Nous avons dit que le livre de la Genèse ne nous explique ni quand ni comment Dieu a créé le
cosmos. Le texte ne nous révèle rien, ou presque rien, du processus par lequel l'énergie
originelle fut projetée et structurée de manière à composer la loi périodique des éléments, le
spectre de la lumière et le rayonnement des autres forces électromagnétiques. La Genèse ne
nous dit pas non plus comment Dieu a créé la vie.

La science elle-même ignore toujours les réponses à ces questions fondamentales. Malgré tout
ce qu'elle a pu découvrir, l'essentiel lui échappe encore.
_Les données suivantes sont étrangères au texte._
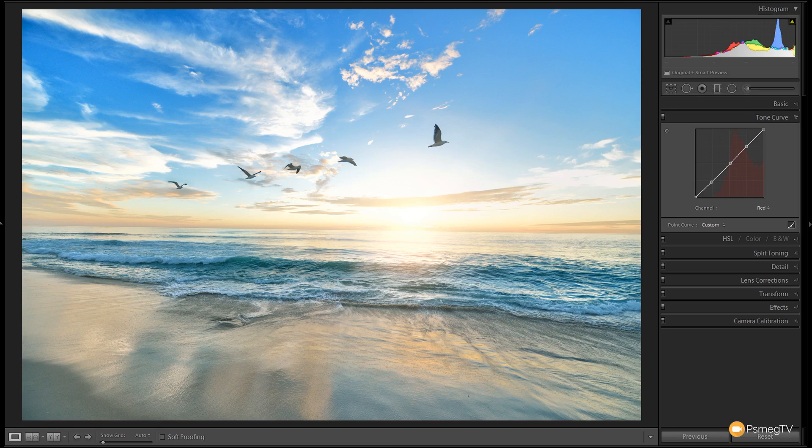So let's go through the tone curves, each one individually. We'll leave the RGB one out until the end. We'll just use that for overall boosting or dipping the amount of dark areas or mid-tones or highlights.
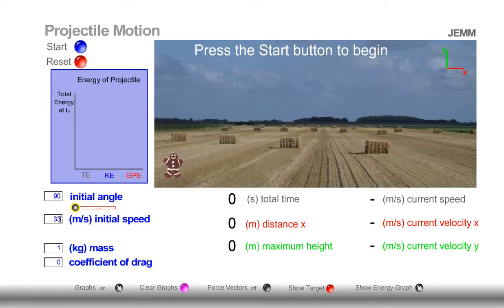Good morning. Today we're going to investigate energy. Specifically, we'll be looking at kinetic energy, gravitational potential energy, and total energy.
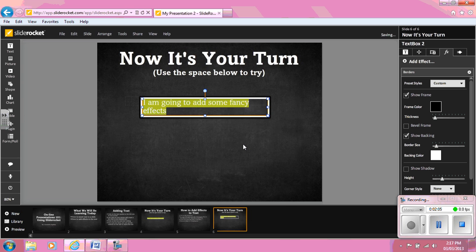SlideRocket is a great tool for students and teachers who wish to create a more interactive and engaging presentation. This concludes the tutorial. I hope you enjoyed it.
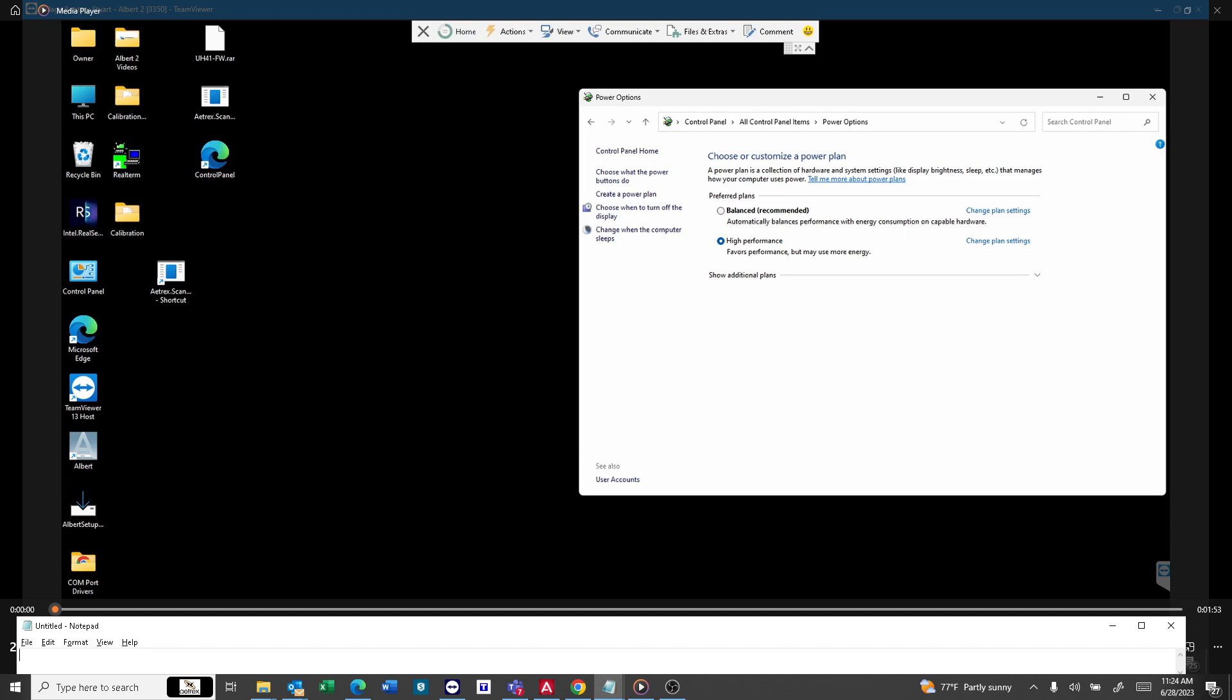Now, if you want to enable it, it's powercfg /h on. That's all it is. Have a nice day.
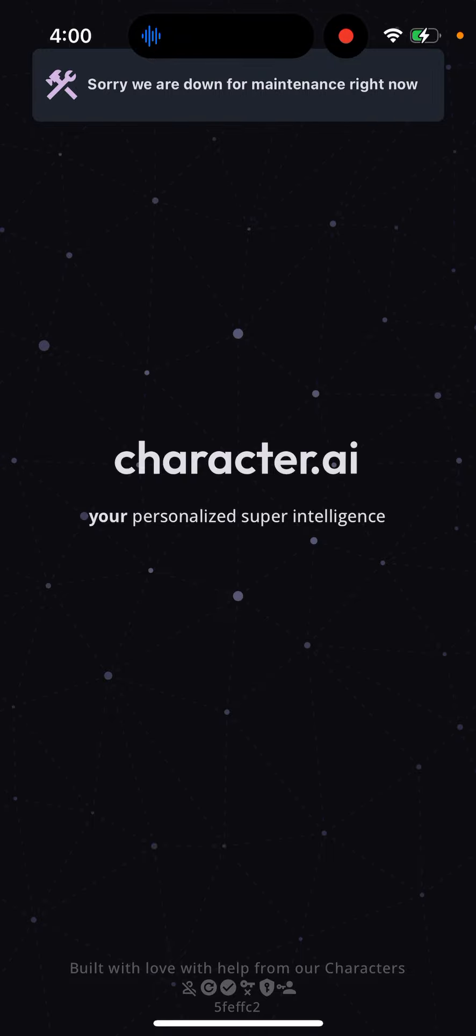It will probably happen quite often in the future, but it would just be better if they clearly announce when this maintenance will happen and maybe do it at better times. But that's what it is.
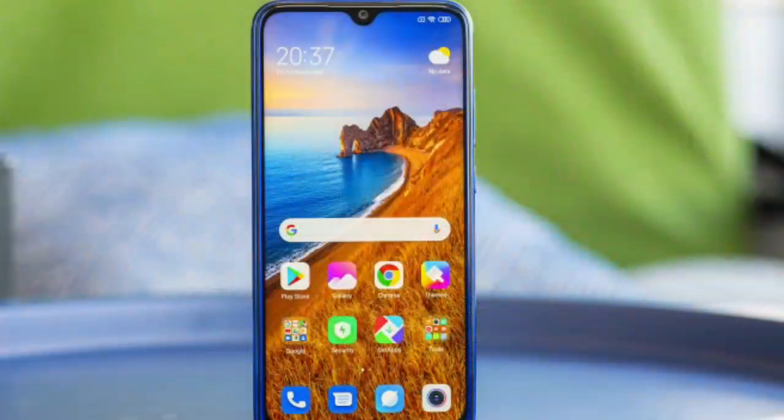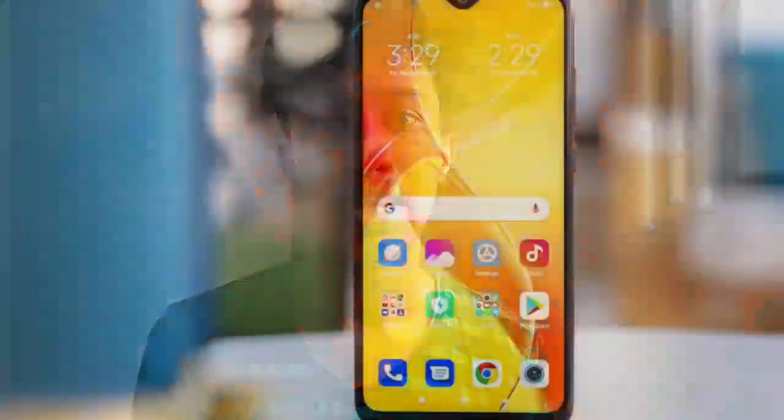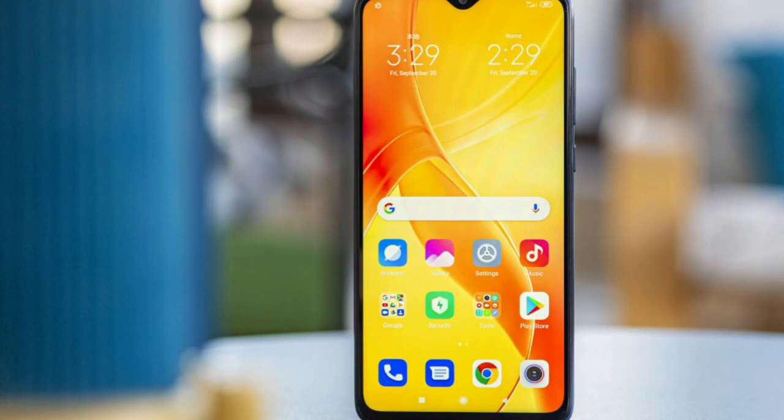This is the display of the Note 8. For the front side, you can see a Gorilla Glass display. It has an IPS LCD panel. This display is not available. You can use the app for games.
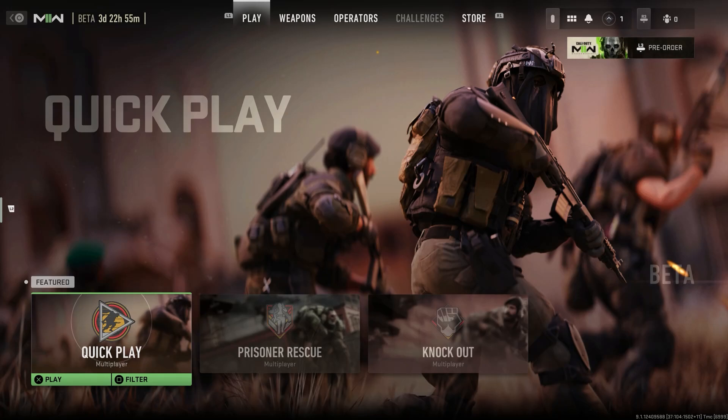Hello and welcome. My name is Dylan and today we're going to talk about how to change your party privacy in Modern Warfare 2.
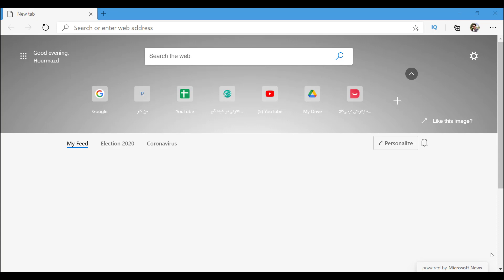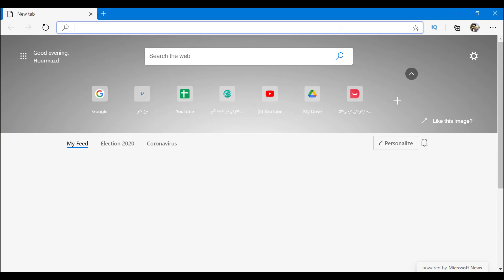While there's nothing necessarily wrong with Bing, the issue is that many people prefer Google. So we're going to teach you how to change it from Bing to Google when you're automatically typing whatever it is you want to search.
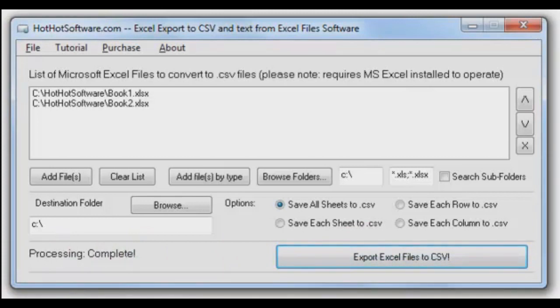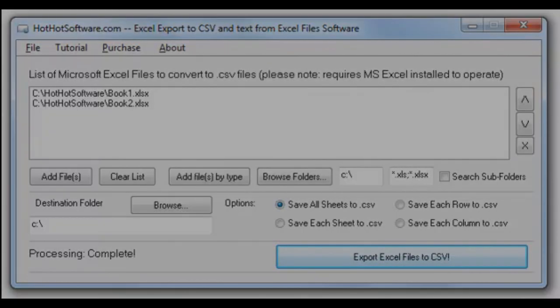It's very simple to use. HotHotSoftware—you can check it out on our website. Click the link below for more. Thanks for watching.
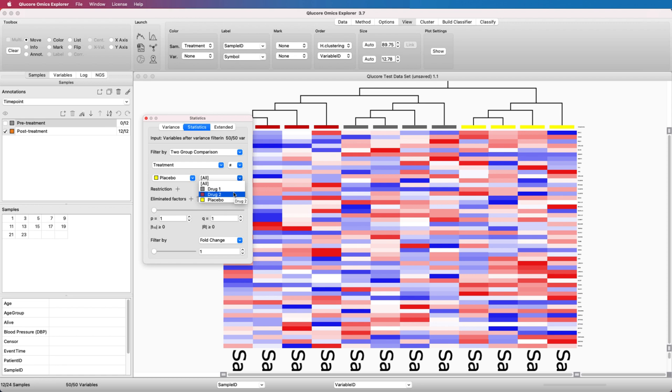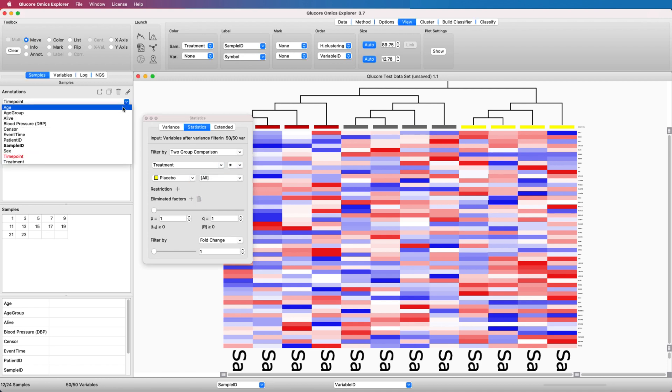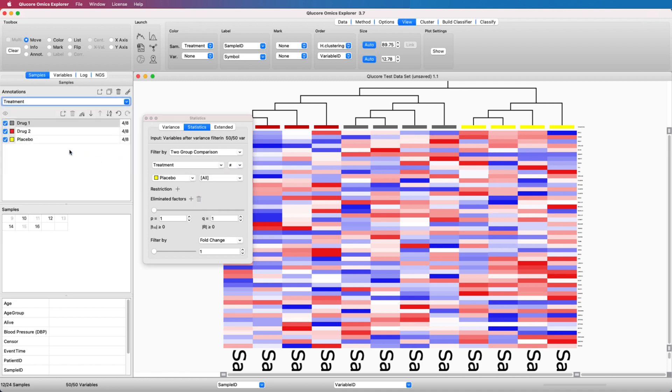Please note that if you select either Drug 1 or Drug 2 as a second value, the statistical test will be restricted to only this group. If you want to exclude a group from the analysis, we recommend that you also untick it in the Sample tab so that the plot only shows the active groups.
Dieu nous fait cependant comprendre que toutes choses existent par sa parole:
«Les cieux ont été faits par la parole de l'Eternel..." (Livre des Psaumes ch. 33 v. 6.)
«Toutes choses ont été faites par elle (c'est-à-dire: la parole; en grec: le logos) et rien de ce qui
a été fait n'a été fait sans elle»
. (Evangile de Jean ch. 1 v. 3. Voir aussi Psaumes ch. 119 v. 91; épître de Paul aux Colossiens
ch. 1 v. 17 et épître aux Hébreux ch. 1 v. 3.)

Ainsi, le logos de Dieu, c'est-à-dire sa raison, est à l'origine de l'univers. (Le terme grec logos
signifie à la fois la raison, la pensée ; et aussi : la parole, l'expression de cette pensée.)Quand
un homme a une idée, il est normalement saisi du désir de la mettre à exécution : ce désir est
évidemment la force motrice derrière toutes les inventions et les découvertes que l'humanité a
connues au cours de l'histoire. De même, nous pouvons comprendre que Dieu, ayant conçu
l'idée du cosmos, a procédé à la réalisation de son dessein. Autrement dit:
l'univers est une expression ou une réalisation de la pensée de Dieu.

Avec Dieu, la pensée, la parole et l'acte sont une seule chose: la pensée devient la parole et la
parole, par l'autorité qu'elle comporte, se réalise, elle devient l'acte. Lorsque le Créateur
«parle», sa volonté absolue investit sa «parole» d'une autorité qui fait loi.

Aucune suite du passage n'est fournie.